It does that because the network side or the terminal side could stop and close the connection. So it basically runs:

task::spawn(tty_to_websocket());
task::spawn(websocket_ty_tty());
try_join!(tty_to_websocket, websocket_to_tty);

try_join! should wait for either task to stop with an error.

I’ve setup both tasks to throw an error even on successful completion. This is because join! might wait for both to stop, and it’s possible for either side to stop without the other noticing.

try_join! never completes, because Err() never completes, which is strange.

What Does Err() Do?

Err() ends the function. In Rust that also runs the destructors, like an object-oriented program might. Lets say you have a function like:

fn error() -> Result<> {
    let number: int = 2;
    Err("error");
}

When Err() runs, Rust de-allocates number. The memory is returned.

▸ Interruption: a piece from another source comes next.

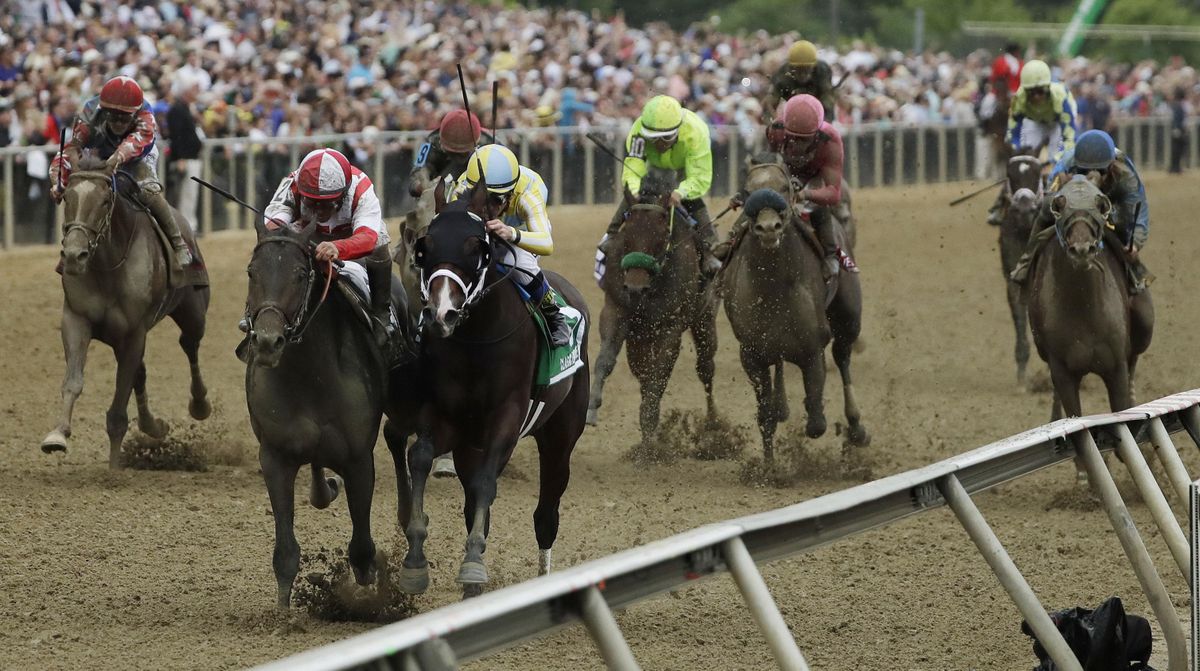 Cloud Computing (2), ridden by Javier Castellano, second from left, wins142nd Preakness Stakes horse race at Pimlico race course as Classic Empire (5) with Julien Leparoux aboard takes second, Saturday, May 20, 2017, in Baltimore. (Matt Slocum / Associated Press)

For an int this is simple, but it can be more complicated.

What Is A TTY?

A TTY, for a program, is a file descriptor on a character device. It’s a bi-directional stream of data, typically keyboard in and text out.

The C API to use one uses a file descriptor. One way to get such a file descriptor is forkpty(3), which has a Rust crate.

Most Rust code want a std::fs::File, not a raw file descriptor, so it needs to be converted:

unsafe { let rust_fd = std::os::from_raw_fd(c_fd); }

The first bell is unsafe {}. The code is indeed unsafe because we’re working with a raw file descriptor.

The second bell is in the documentation for from_raw_fd. The documentation is in bold in the original:

This function consumes ownership of the specified file
descriptor. The returned object will take responsibility
for closing it when the object goes out of scope.

Where Is The Bug?

The bug happens because both tasks need a std::fs::File. One to read the TTY, and one to write to it.

Both tasks consume ownership, and both tasks take responsibility for closing it.

Both destroy the rust_fd and hence close the c_fd, when the tasks run Err().

Expected Bug

The expected bug is that the second task to close won’t be able to close. The second task should get EBADF (bad file descriptor).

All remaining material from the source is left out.